Doğrudan geniş çaplı bir yoldaşlık kurduğumuzu süreç devam ederken henüz iddia edemesem de yukarıda anlattığım deneyimlerdeki gibi bazı diyalogların başlamış olması ve çeşitli ittifaklar kurma yolunun açılması bile heyecan verici.

“Benim için yeni ve heyecan verici olan neydi?” kısmına ek olarak direnişin diline dair de birkaç kelam etmek isterim. Bu yeni hareketin dili de haliyle yeni oluyor tabii. Öncelikle –hafiften de sırıtarak– şunu belirtmeliyim ki bu direniş benim de kuşak itibariyle dahil olduğum ”80 sonrası apolitik gençlik” olarak etiketlenmiş insanların, eski kafa politiklerden daha politik olduğu bir süreç. Bilgisayarda chat’leşmekten başka bir şey bilmeyen, popüler kültürün himayesine kısılıp kalmış gençlik ya da yaş itibariyle “genç” kıvamda olmasa da alışılagelmiş sol politika yapmak istemeyen gençlik, politik doğrucu olma kaygısı gütmeyen, gündelik hayattan devşirilmiş laflarla yaratıcılığını konuşturuyor. Anlayacağınız bu süreçte derdini ajite ederek anlatmak ”out’, dalga geçip espri yapmak ”in” oluyor.

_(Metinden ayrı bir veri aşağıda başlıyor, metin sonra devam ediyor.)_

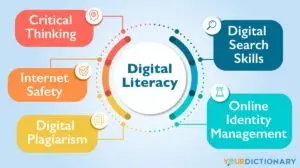Understanding the Meaning of Digitally Anonymised Data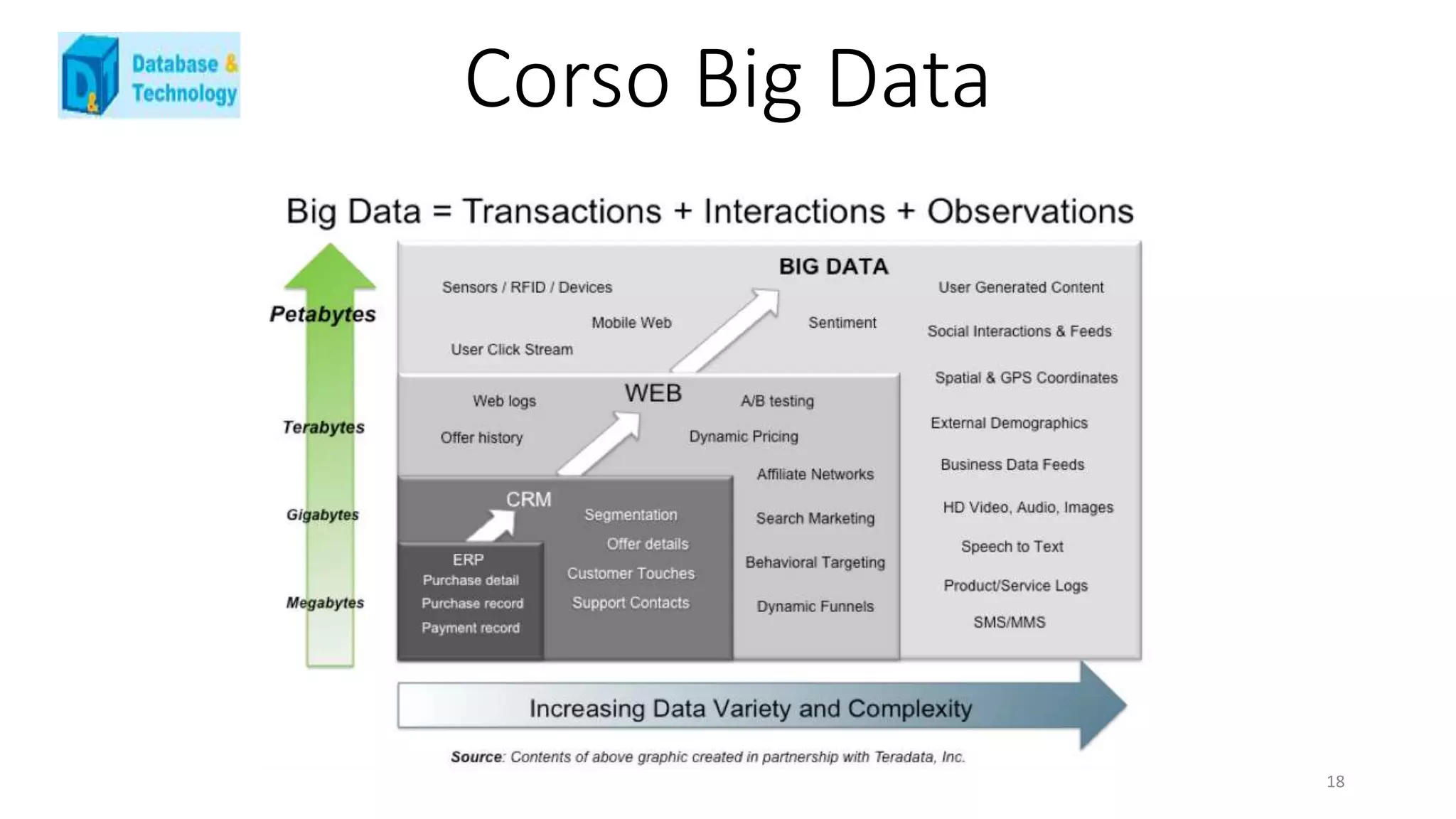Corso Big Data
18
 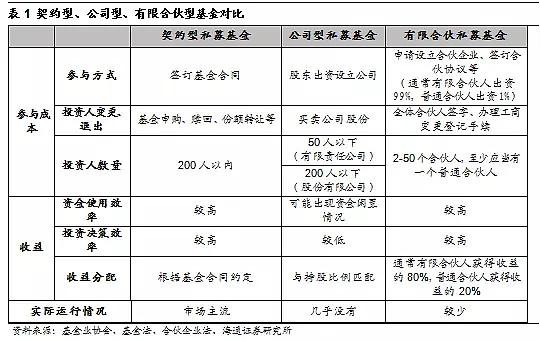 私募基金怎么收费：私募基金运作模式？-第2张图片-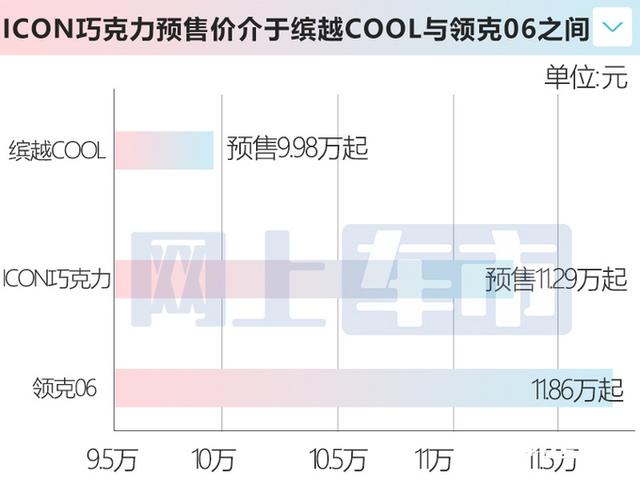 吉利官宣：新SUV五天后上市！放弃“三缸”1.5T，价格接受吗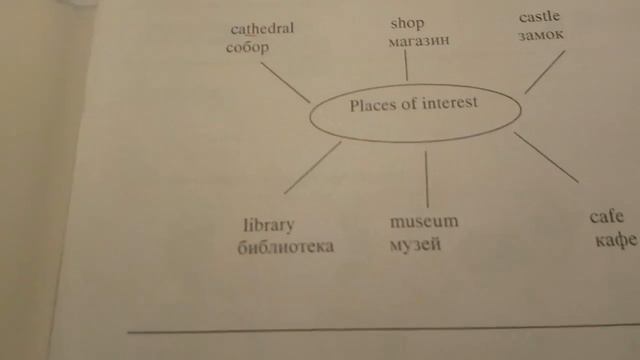Мой дом англиский смотреть онлайн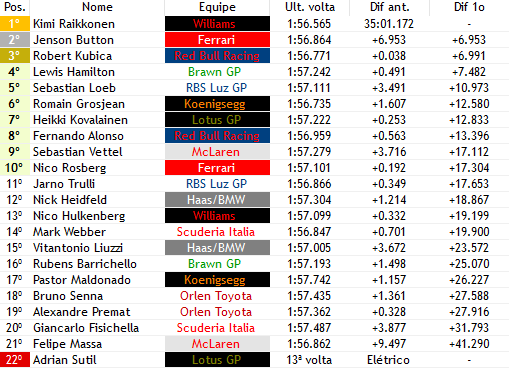 Formula1Verse's tweet photo. Volta 19/70

- @Lewisf1verse (@BGPF1verse) ULTRAPASSA @LoebF1Verse (@LuzGPWF1) pela P4

- Enquanto @GrosjeanWF1 (@KoenigseggWF1) vem fazendo a fila, ultrapassando @sebvettvl (@McLarenWF1), Kovaleinen (@LotusRenGpF1V) e @AlonsoF1verse (@RBRacingWF1) e subindo para 6° Posição!!! https://t.co/2ShKmi4ACX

Bu süreçte belki birçoğumuzun ilk kez tattığı biber gazı insanları vazgeçmekten ziyade direnişe devam etme konusunda daha da bir motive ederken, bu vazgeçmeyiş karşısında kudurup küplere binen hükümete verilen cevaplar oldukça sakin ve yaratıcı: ”Piknik tüpünü çakmakla kontrol eden millete biber gazı işlemez” ya da ”Biz sinek ilacı sıkan arabanın arkasından koşan nesiliz, biber gazı neymiş?”

gazharikaYaratıcılığın ve inceden dokundurmanın ön plana çıktığı süreçte popüler olan, gündelik olan ufak dokunuşlarla yapıbozuma uğratılıp politik olabiliyor. Örneğin duvar yazılaması olarak çok sık karşılaştığımız ”Bu gaz bi harika dostum!” ya da ”Just In Biber” gibi. Ya da kendi sanal âlem diliyle, bilgisayar oyunları diliyle de iğnelemelerini yapabiliyor insanlar: ”GTA’da polis döven nesile sataştın” ya da ”PES’de hep Barça’yı alan Tayyip”. Ayrıca bunca zamandır siyasi olarak zihinlerimizde yer etmiş deyişler de yapısöküme uğratılabiliyor. Örneğin ”Kahrolsun bağzı şeyler” yazısı bir yandan hiçbir şey söylemezken bir yandan da çok şey anlatabiliyor ve o “bağzı şeyler” hepimizin ayrı ayrı kahretmek istediklerini kapsayarak bir anda çok anlamlı bir hâl alabiliyor.

Son kertede bu hareketin hoşluğunu gösteren ve “Resmen devrim ayol!” dedirten şey, hükümetin her türlü baskısına, dağıtma çabasına, yok sayma ve görmezden gelme stratejilerine rağmen hâlâ heyecanımızı koruyup toplanmaya, birbirimizi anlayıp daha demokratik, daha çoğulcu bir hayat için uğraşmaya devam ediyor oluşumuz. Evet, Gezi Parkı’ndan çıkarıldık; n’apsaydık zaten devletin polisine, silahına, gazına, kaskına, copuna karşın silahsız mücadelemiz bir yere kadar devam edebilirdi. Biz de “Her yer Gezi, her direniş” diyerek, hem de bu sefer birçok farklı parkta direnişimizi sürdürür hâldeyiz. Umuyorum ki kurduğumuz katılımcı, çoğulcu, demokratik ortamlardan somut siyasi adımlar atılmasını, Türkiye’de çok zayıf olan sivil toplum alanında da kazanımlar elde edilmesini sağlarız ve bu sırade marjinallerle masum çevrecileri ayırt etmeye uğraşan hükümetimize de bir grup çapulcunun neler yapabileceğini gösterme fırsatı buluruz.